- **What is being asked**
Please write out all the data that follows exactly, without the pictures.

- **Given data**
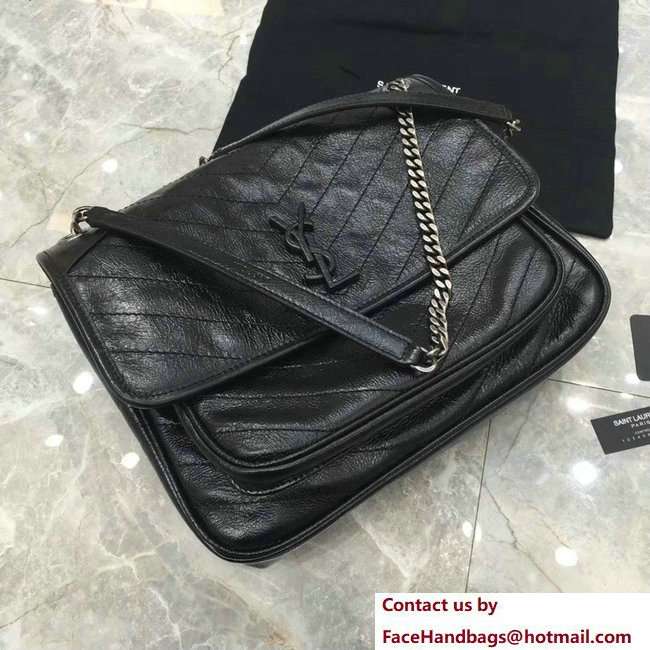Saint Laurent Large Monogramme Niki Chain Bag in Black Vintage Crinkled Leather 2018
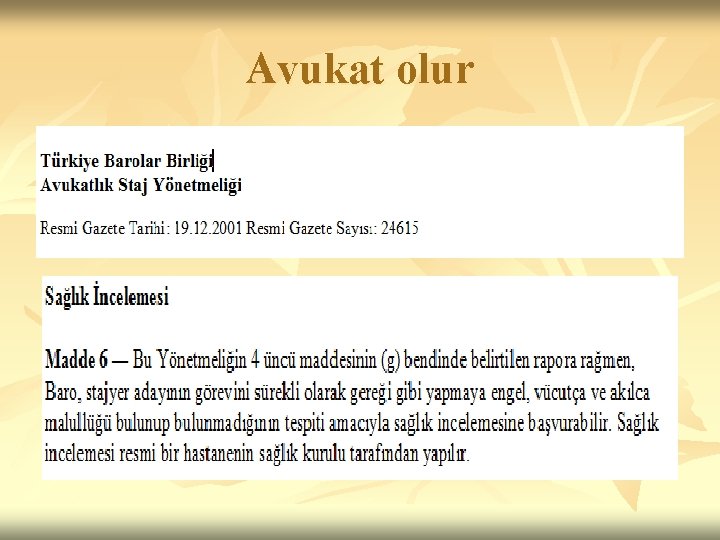 Avukat olur 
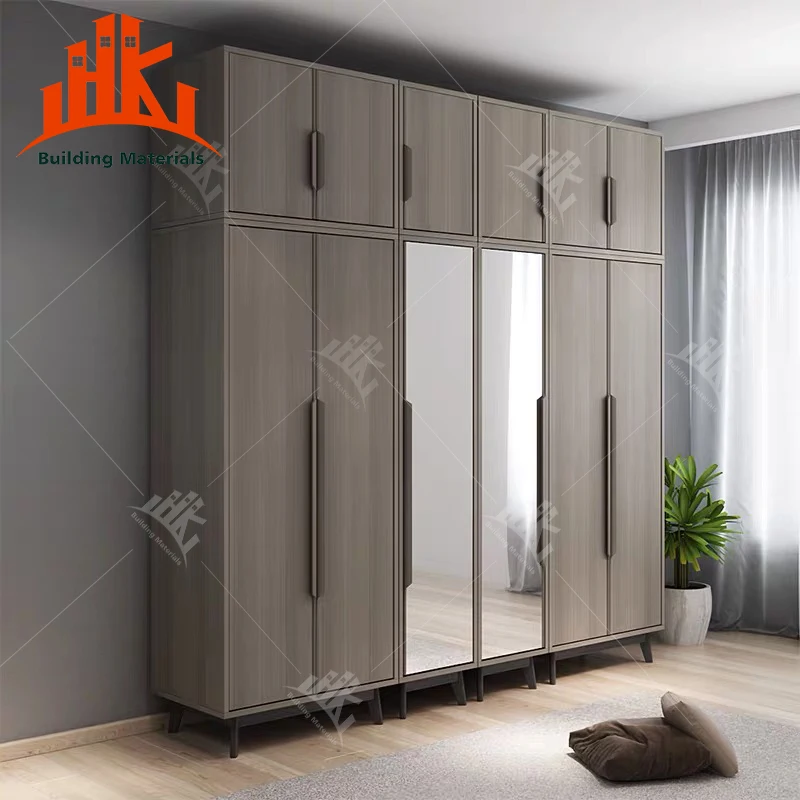 Сделанный на заказ шкаф MDF 3 двери мебель для шкафа деревянные 6 дверей под шкафы гардероба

- **Answer**
Saint Laurent Large Monogramme Niki Chain Bag in Black Vintage Crinkled Leather 2018
 Avukat olur 
 Сделанный на заказ шкаф MDF 3 двери мебель для шкафа деревянные 6 дверей под шкафы гардероба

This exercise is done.